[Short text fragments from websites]

· · · · ·

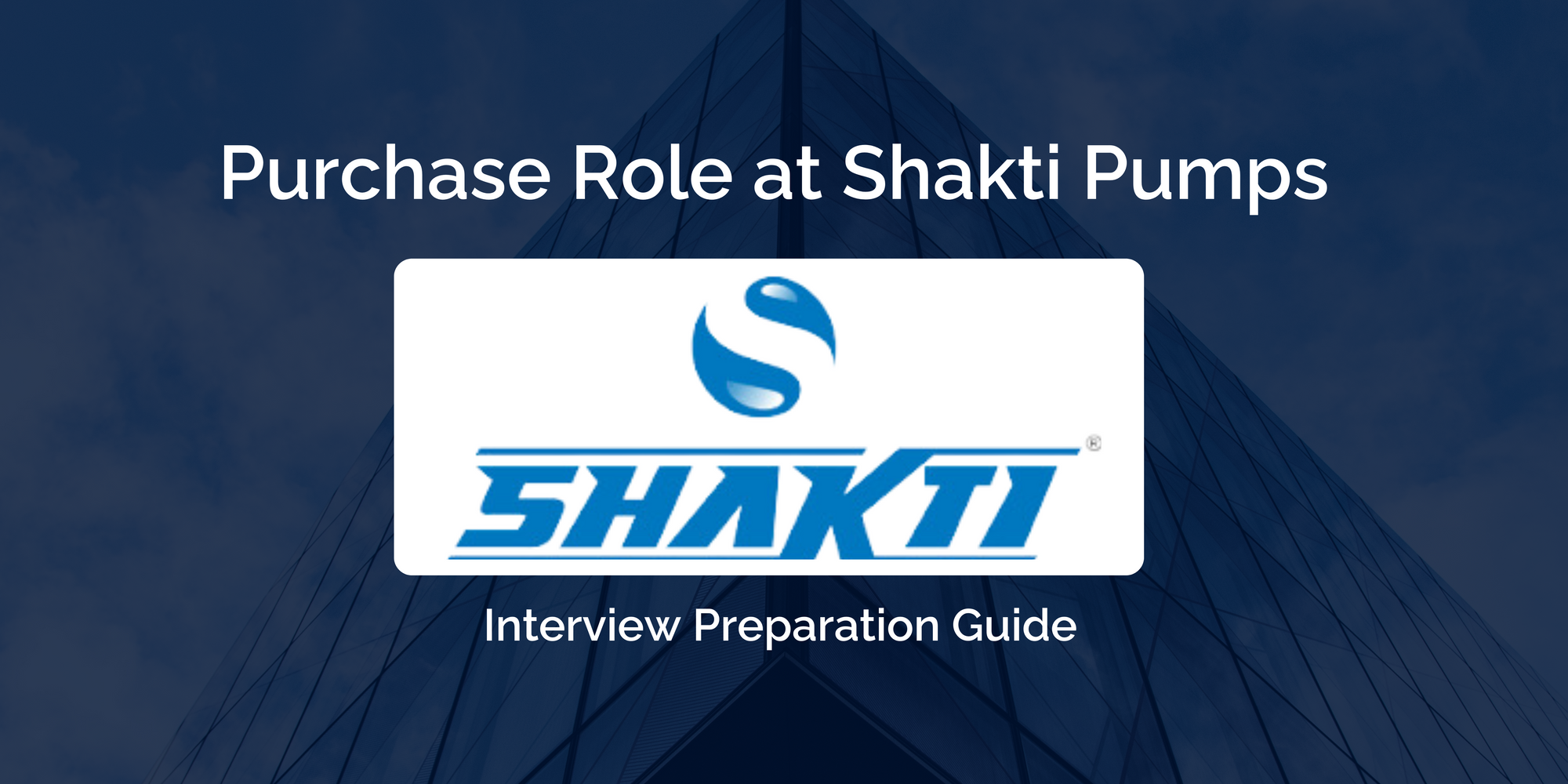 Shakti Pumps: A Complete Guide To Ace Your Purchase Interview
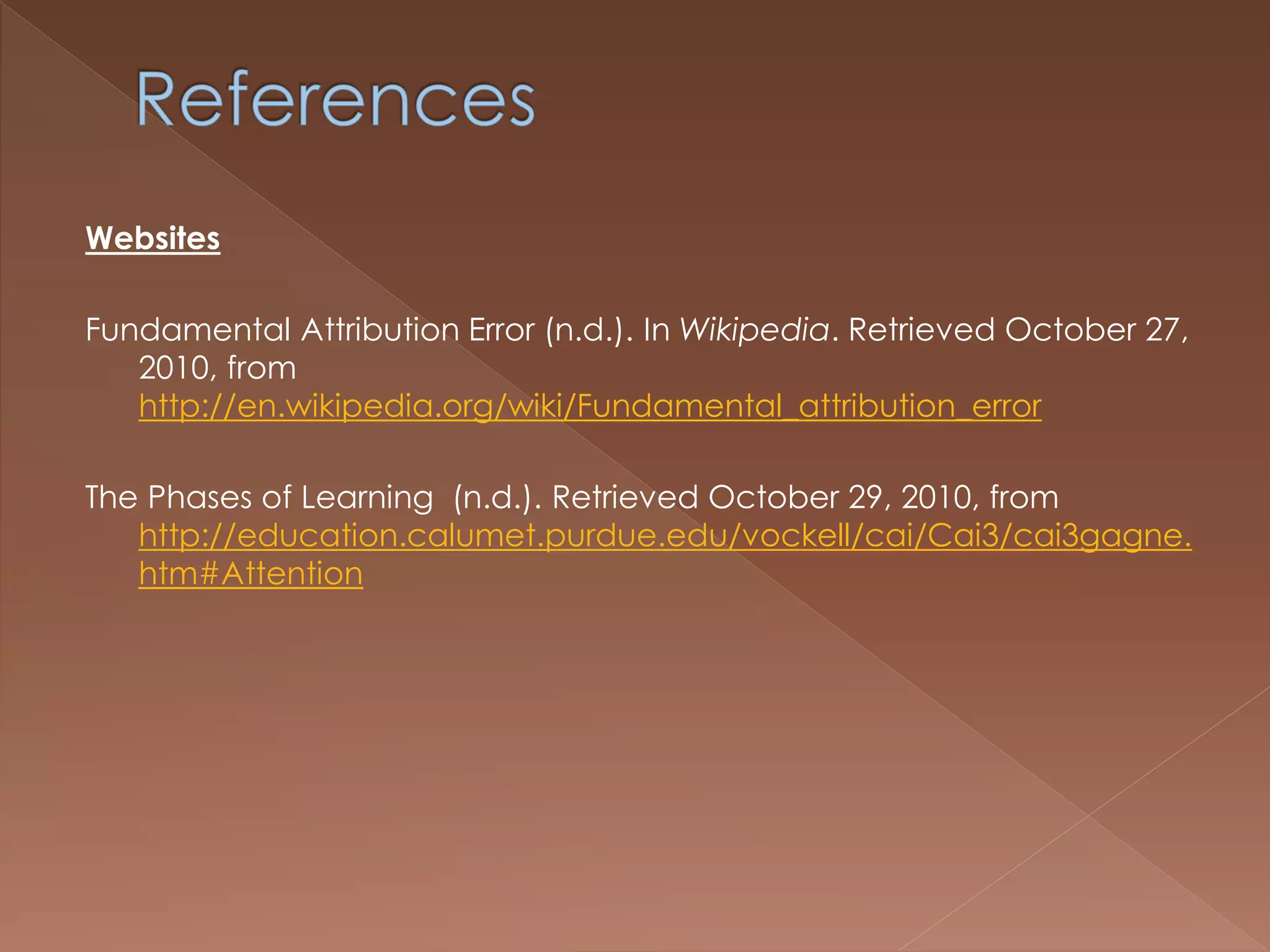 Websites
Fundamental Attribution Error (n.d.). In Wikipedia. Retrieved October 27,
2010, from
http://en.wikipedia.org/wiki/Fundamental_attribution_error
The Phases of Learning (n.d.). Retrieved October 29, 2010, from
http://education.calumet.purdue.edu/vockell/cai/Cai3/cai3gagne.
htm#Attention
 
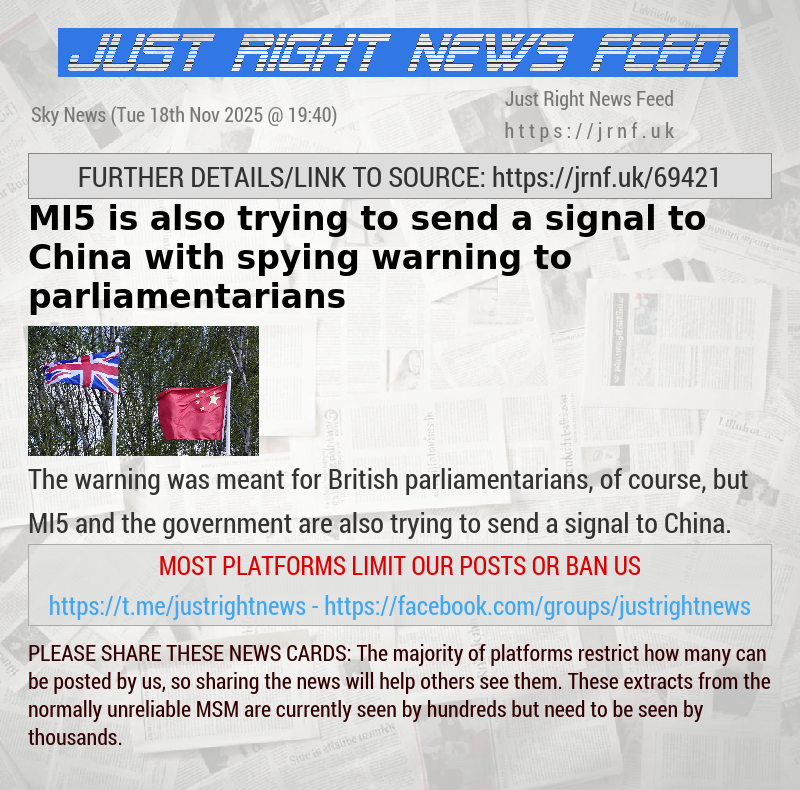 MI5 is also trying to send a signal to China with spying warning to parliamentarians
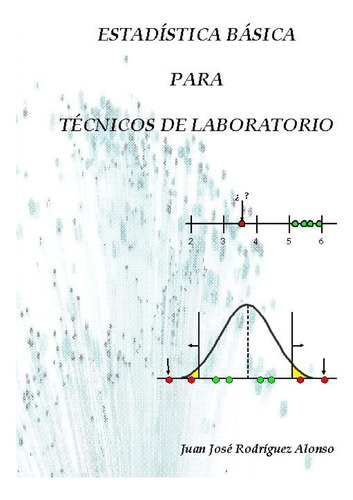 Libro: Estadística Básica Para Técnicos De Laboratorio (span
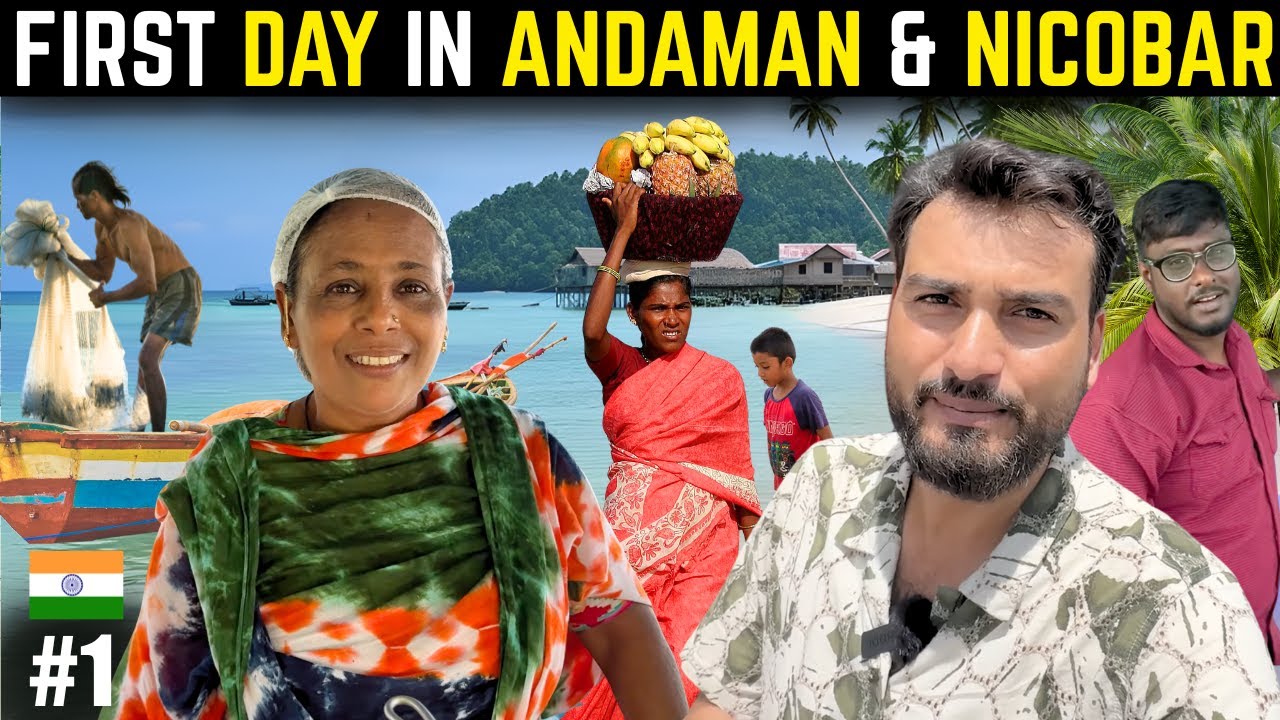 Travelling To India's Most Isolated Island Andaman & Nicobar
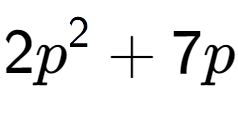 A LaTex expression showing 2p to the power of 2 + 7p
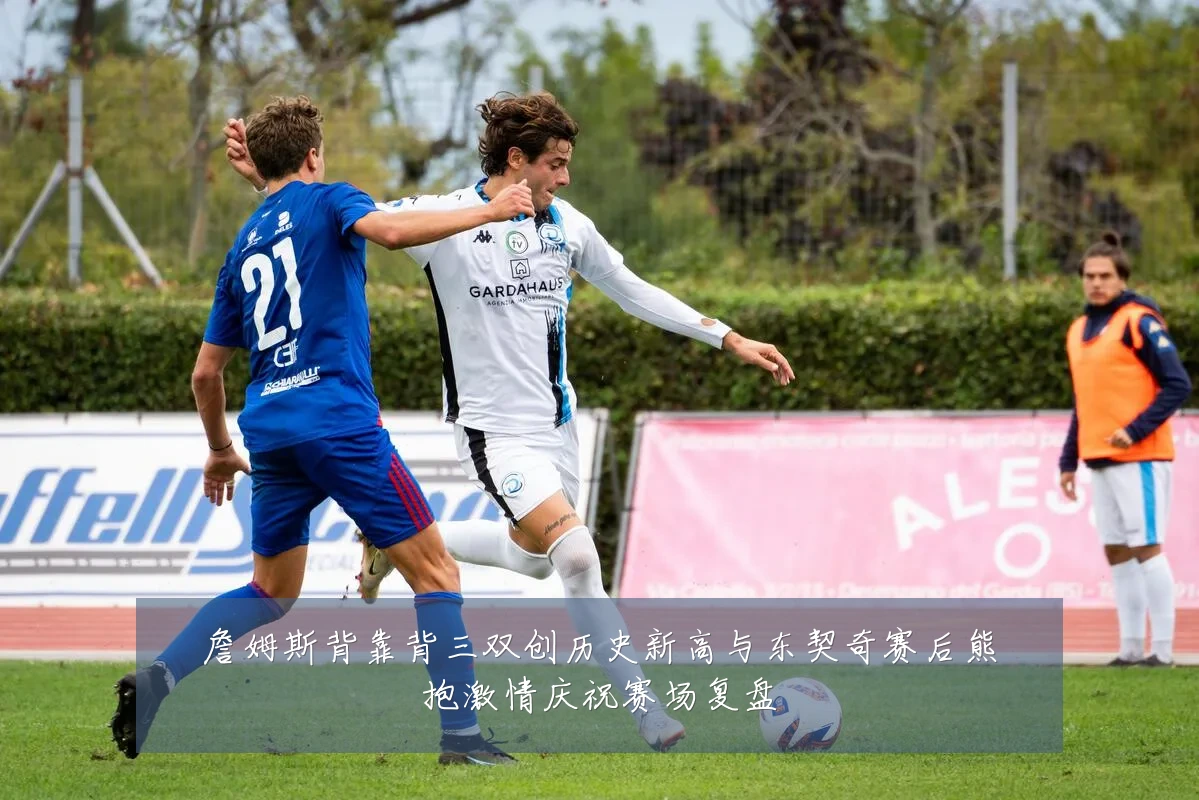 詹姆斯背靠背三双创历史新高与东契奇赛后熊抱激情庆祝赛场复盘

· · · · ·

◆ **Exercise details**: Reproduce word for word the lines running from the line with "MI5 is also" through the end of the data, both included, and nothing else; leave out the pictures.

◆ **Solution below**:
 MI5 is also trying to send a signal to China with spying warning to parliamentarians
 Libro: Estadística Básica Para Técnicos De Laboratorio (span
 Travelling To India's Most Isolated Island Andaman & Nicobar
 A LaTex expression showing 2p to the power of 2 + 7p
 詹姆斯背靠背三双创历史新高与东契奇赛后熊抱激情庆祝赛场复盘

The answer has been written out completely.